Maja Bajevic's multi-faceted body of work has often addressed the permeability of the boundary between what is public and what is private. In her early projects the driving force behind her performances and installations was often conflict (specifically war) and its impact on people's lives. With I Wish I Was Born in a Hollywood Movie, her first web-based artwork, she shifts her focus from politics to a broader cultural force, the Hollywood "dream machine." Wishing to explore its influence, specifically the personal, internal conflict created by the disparity between the idealized and glamorized representations of life found in popular movies and the stark realities of everyday life, she wrote, "When reality gets confronted with that ideal picture it can only lose."
In I Wish I Was Born in a Hollywood Movie Bajevic presents photographic images she took in Mexico City, Paris, Stockholm, Amsterdam, Venice, Sarajevo, and elsewhere. In contrast to images of the kind found in tourist brochures, she sought out places reminiscent of scenes from cinema noir: morose exteriors, gritty interiors with fixtures in various states of decay, bleak stairwells, windows without views, stained walls, and more -- "sad" as Bajevic described them, yet somewhat paradoxically, also "nostalgic." A soundtrack of a recorded street musician plays throughout, punctuated by occasional sound effects, including the sound of knocking, planes flying overhead, breaking glass, and a creaking door hinge.
As visitors to the website click to explore the project, the images overlay each other, presenting multiple paths through which to navigate the work.

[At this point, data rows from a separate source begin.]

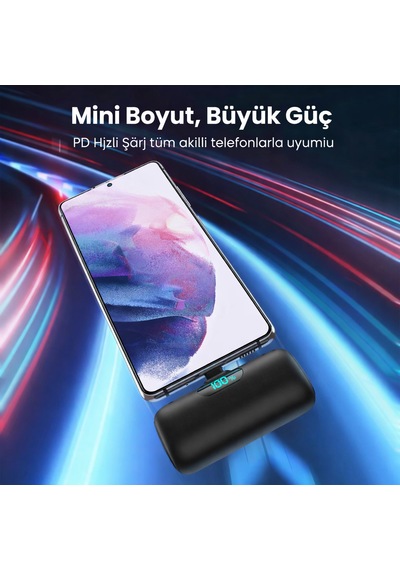 Direkt Telefona Takılan Mini Powerbank 5000 Mah Type-c Girişli Tüm Cihazlarla Uyumlu, Led Ekranlı, Standlı 5000 Mah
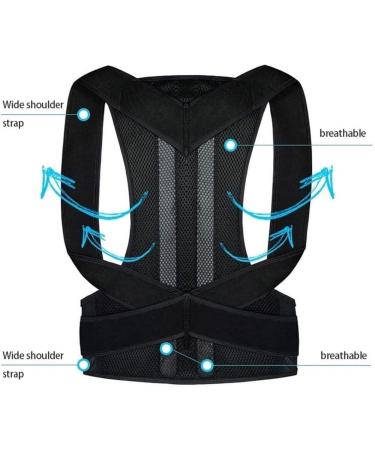 Waist Trainer Full Back Support Back Brace Posture Corrector Belt Shoulder Straightener Scoliosis Waist Cincher(X-Large) X-Large Black - Buy Online on GoSupps.com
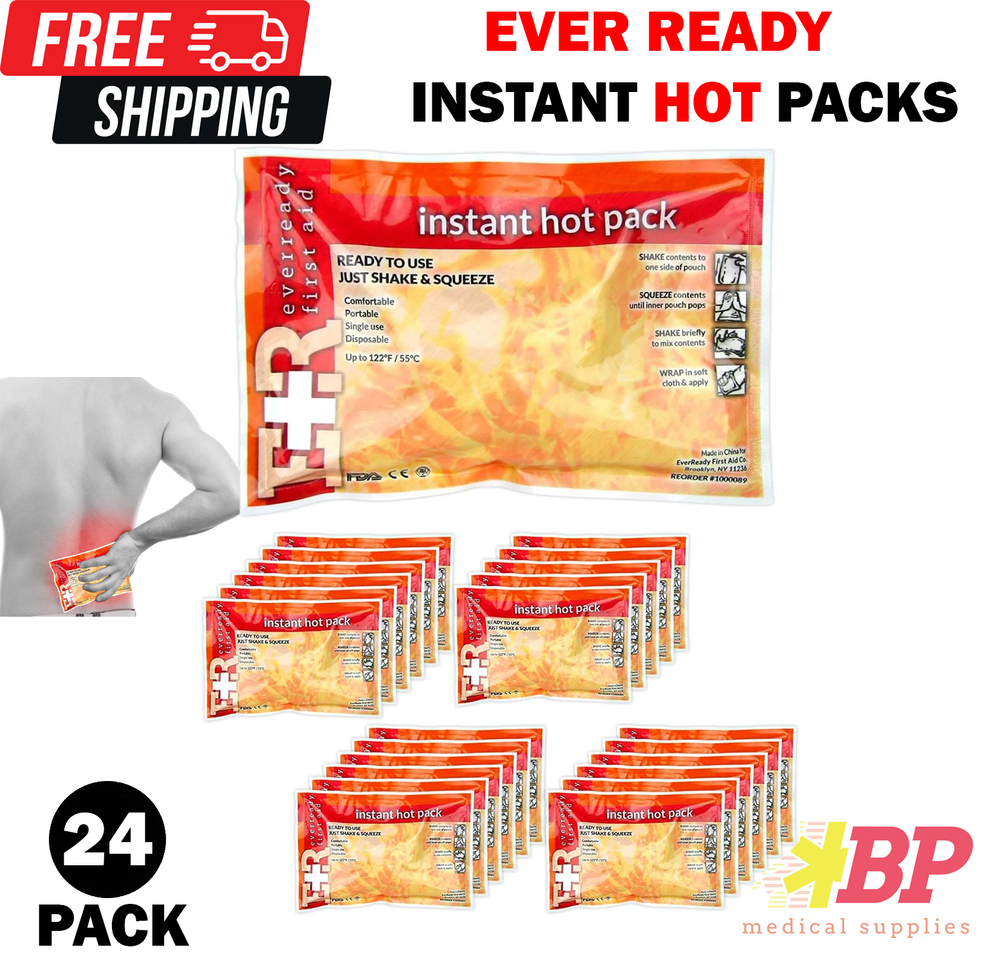 Ever Ready First Aid Disposable Instant Hot Pack 6" x 9" Ready to Use - 24 Pack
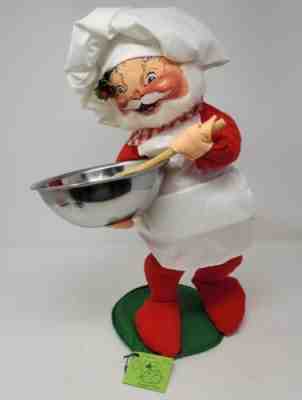 Vintage Annalee Santa Claus Baker Christmas Doll Holiday Baking Mixing Bowl EUC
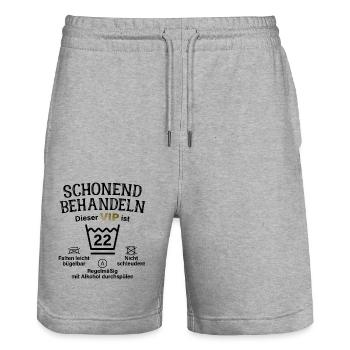 22. Geburtstag Schonend Behandeln 22 VIP ist 22 - Stanley/Stella Unisex Bio Joggingshorts Trainer  - Grau meliert - Vorne - Nik (191cm) & Marisol (170cm)
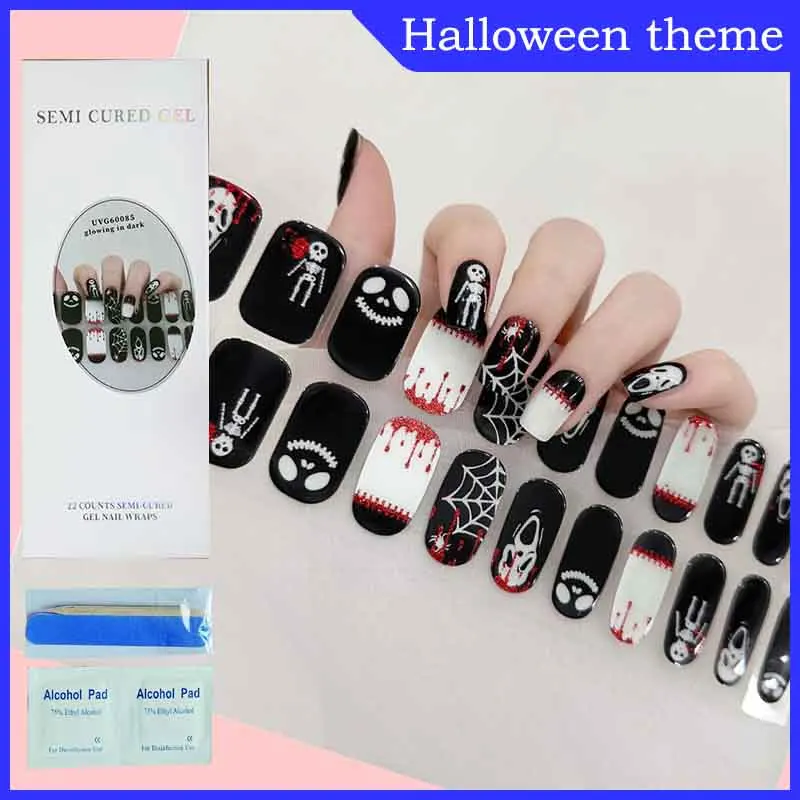 Halloween theme Manicure decorate UV Semi-cured Gel Nail Strips Spider Ghost Pumpkin Pattern Nail Stickers UV Lamp Required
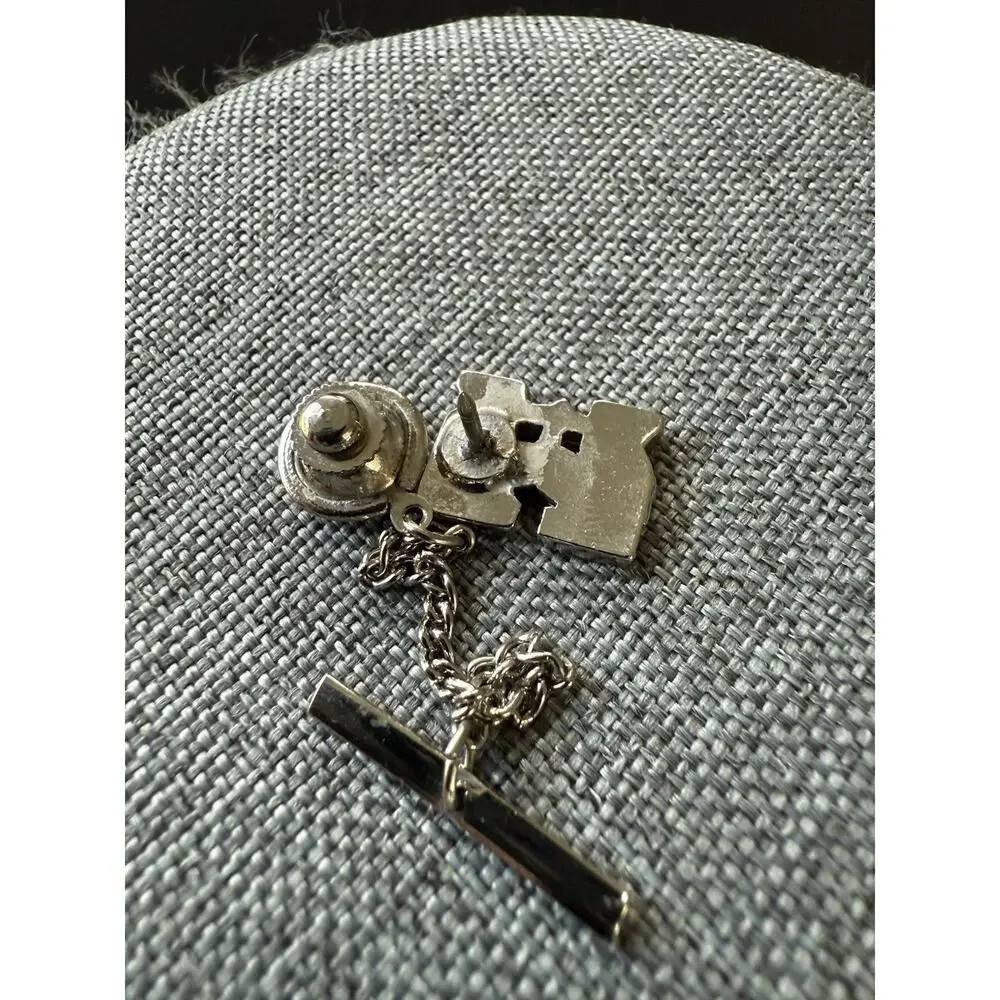 Vintage Silver Tone Turquoise Tie Tac Southwestern Western Boho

Some layers move while others transition through dissolves and lighting effects, creating a low-tech kind of animation. Layers are presented much like windows in an operating system, with the ubiquitous "X" in the upper right corner signifying the method to close. Images of actual windows appear at multiple junctures. According to the artist, "they are internet windows and images of windows that make an overlaying of reality and fiction, like in the filmic/real layers of the web site"
Bajevic has worked with tangible windows in the past. In 2003, she initiated Chambre avec vue, a project in Aussillon, France, where she commissioned immigrant shop owners to have ornamental motifs of their homelands engraved in the glass windows of their store fronts. The focus of this piece was the transformation from transparency to translucency: the engraved patterns made it difficult to see the inhabitants, yet also revealed something about the shop owners themselves by making their origins visible.

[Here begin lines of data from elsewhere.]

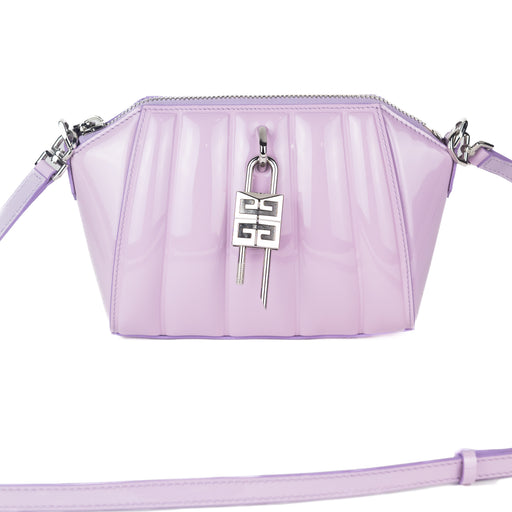 Givenchy XS Antigona Lock Patent Padded Leather Shoulder Bag in Lilac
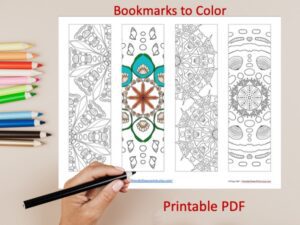 4 Hand Drawn Seashell Mandala Bookmarks to Color
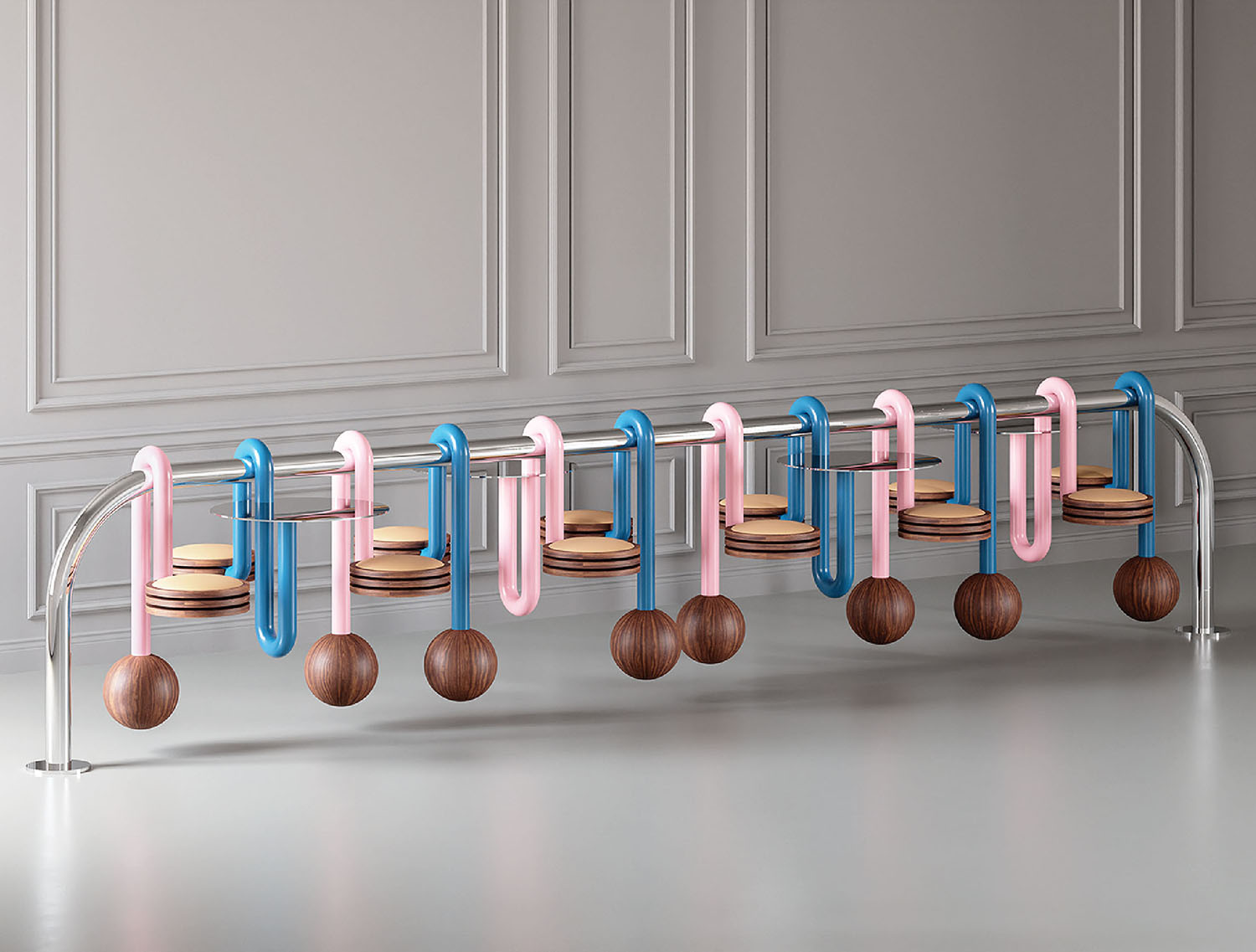 A rack with wooden balls and a metal rack with a wooden ball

Displacement has been a recurring focus of Bajevic's work. Originally from Sarajevo, she was studying in Paris in April 1992 when the war broke out, and ended up staying 8 years instead of the 8 months she had originally planned. When stability came to the region, she returned to Sarajevo for several years. In one of her early performances from that period, Dressed Up, 1999, she used fabric she had printed with the map of former Yugoslavia, to cut, sew and don a new dress, highlighting the intimate, everyday nature of something as tragic and seemingly impersonal as the disintegration of a country. Bajevic enlisted the help of displaced compatriots from regions that had suffered heavy conflict for Women at Work: Under Construction, 1999, a five day action which took place during the reconstruction of the National Gallery of Bosnia and Herzegovina. Bajevic and five women refugees embroidered patterns on the netting of the scaffold. This "female" undertaking of craft-making, traditionally a means for women to mark space and re-create the atmosphere of home while in exile, played against the "male" work of scaffolding and reconstruction.
Her examination of boundaries between public and private is perhaps most directly exemplified by her 2002 installation and performance I did not know in the main public square of Graz, Austria. In collaboration with Emanuel Licha, she made a labyrinth-link glass structure encasing a cozy living room with a TV blaring sounds of war. A couple quarreled with each other, answering each other's reproaches with "I did not know." This living room and the couples who took turns inhabiting it 24 hours/day created an intimate environment that ironically intruded on the public area of the square for a month. Passersby could come into the transparent shelter, inhabiting a space that symbolized the porous border, and the impossibility of isolating either realm, public or private, from the other.
I Wish I was Born in a Hollywood Movie continues to investigate the divisions of these realms. Hollywood movies, however distant from everyday life, nevertheless infiltrate on various levels to influence our desires or expectations. For the myriad of people- especially the disenfranchised - who have no hope of attaining anything close to the idealized lives portrayed in popular culture, Bajevic suggests a state of perpetual displacement - living in exile from a fantasy life of happy endings that bears very little resemblance to reality.